Problem to solve ▸ Starting at the line that contains "Chris Evans Blankets", return every line through the end of the data exactly, without pictures.

Brief descriptive captions:
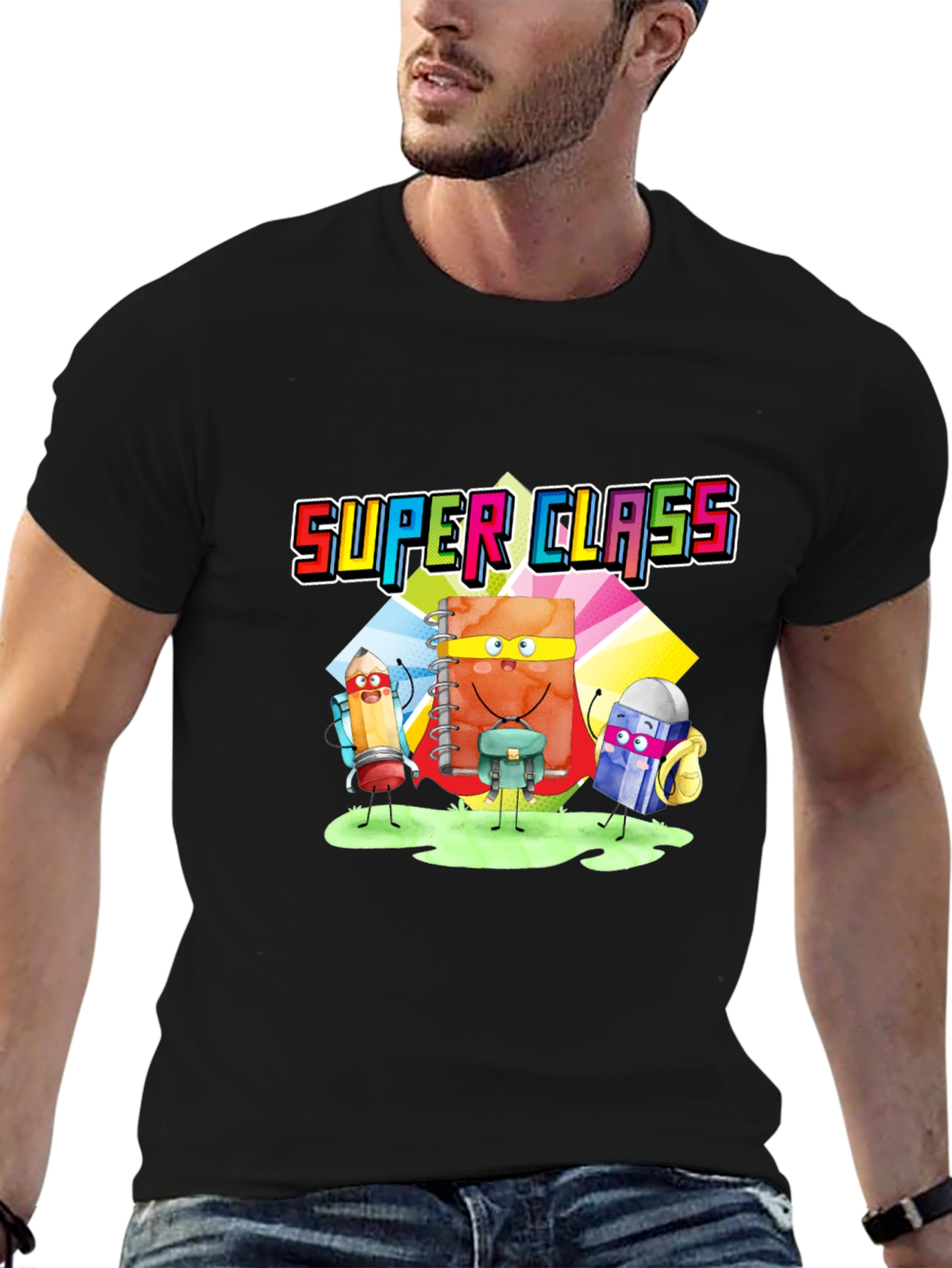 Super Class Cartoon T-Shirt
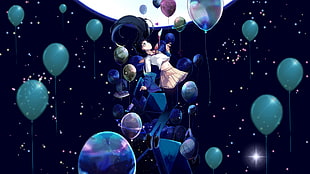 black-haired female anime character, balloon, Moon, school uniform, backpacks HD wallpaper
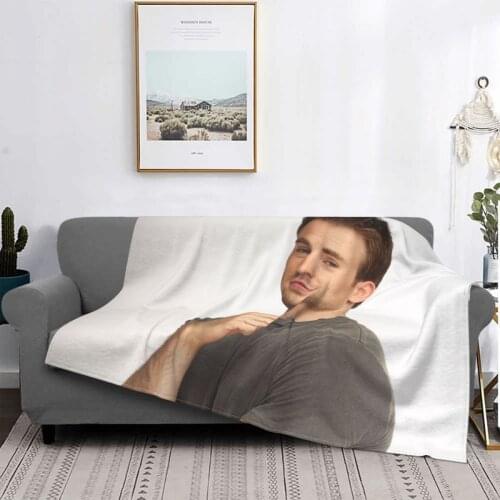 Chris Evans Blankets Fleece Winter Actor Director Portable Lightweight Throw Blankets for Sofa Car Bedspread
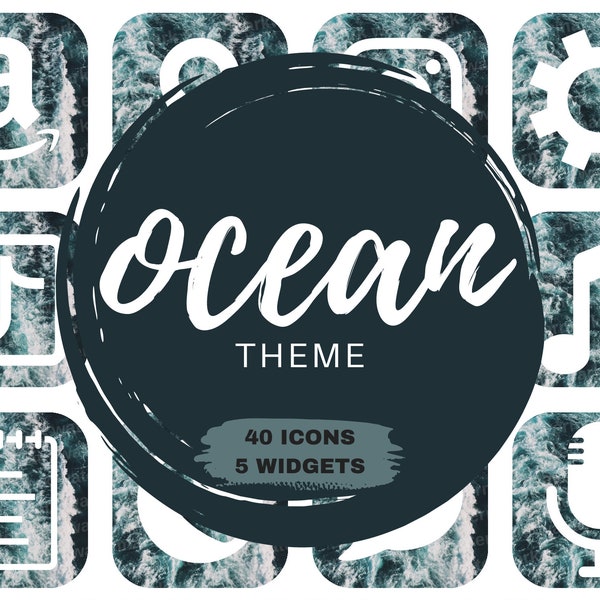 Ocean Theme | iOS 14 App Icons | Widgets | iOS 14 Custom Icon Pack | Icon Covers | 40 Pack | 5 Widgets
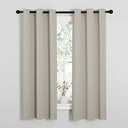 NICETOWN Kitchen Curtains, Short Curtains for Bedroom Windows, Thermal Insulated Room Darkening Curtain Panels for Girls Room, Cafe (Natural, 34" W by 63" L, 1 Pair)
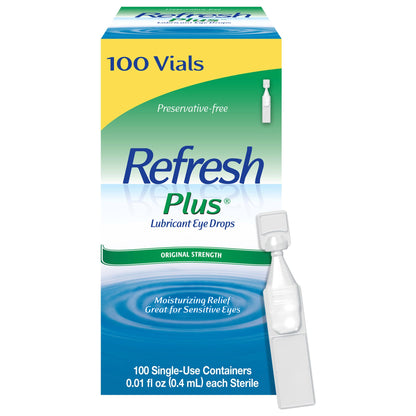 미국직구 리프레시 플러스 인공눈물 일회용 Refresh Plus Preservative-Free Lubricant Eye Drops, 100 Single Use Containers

Exercise result ▸
 Chris Evans Blankets Fleece Winter Actor Director Portable Lightweight Throw Blankets for Sofa Car Bedspread
 Ocean Theme | iOS 14 App Icons | Widgets | iOS 14 Custom Icon Pack | Icon Covers | 40 Pack | 5 Widgets
 NICETOWN Kitchen Curtains, Short Curtains for Bedroom Windows, Thermal Insulated Room Darkening Curtain Panels for Girls Room, Cafe (Natural, 34" W by 63" L, 1 Pair)
 미국직구 리프레시 플러스 인공눈물 일회용 Refresh Plus Preservative-Free Lubricant Eye Drops, 100 Single Use Containers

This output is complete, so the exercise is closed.